→ **EXERCISE DIRECTIONS**
Word for word, transcribe all of the records.

BEGIN DATASET CONTENT

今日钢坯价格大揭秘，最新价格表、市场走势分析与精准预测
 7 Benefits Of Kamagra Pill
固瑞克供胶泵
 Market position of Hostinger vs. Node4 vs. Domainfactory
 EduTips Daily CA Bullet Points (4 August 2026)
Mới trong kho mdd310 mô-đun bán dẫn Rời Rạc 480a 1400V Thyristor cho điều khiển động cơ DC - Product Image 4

END DATASET CONTENT

→ **EXPECTED OUTPUT**
今日钢坯价格大揭秘，最新价格表、市场走势分析与精准预测
 7 Benefits Of Kamagra Pill
固瑞克供胶泵
 Market position of Hostinger vs. Node4 vs. Domainfactory
 EduTips Daily CA Bullet Points (4 August 2026)
Mới trong kho mdd310 mô-đun bán dẫn Rời Rạc 480a 1400V Thyristor cho điều khiển động cơ DC - Product Image 4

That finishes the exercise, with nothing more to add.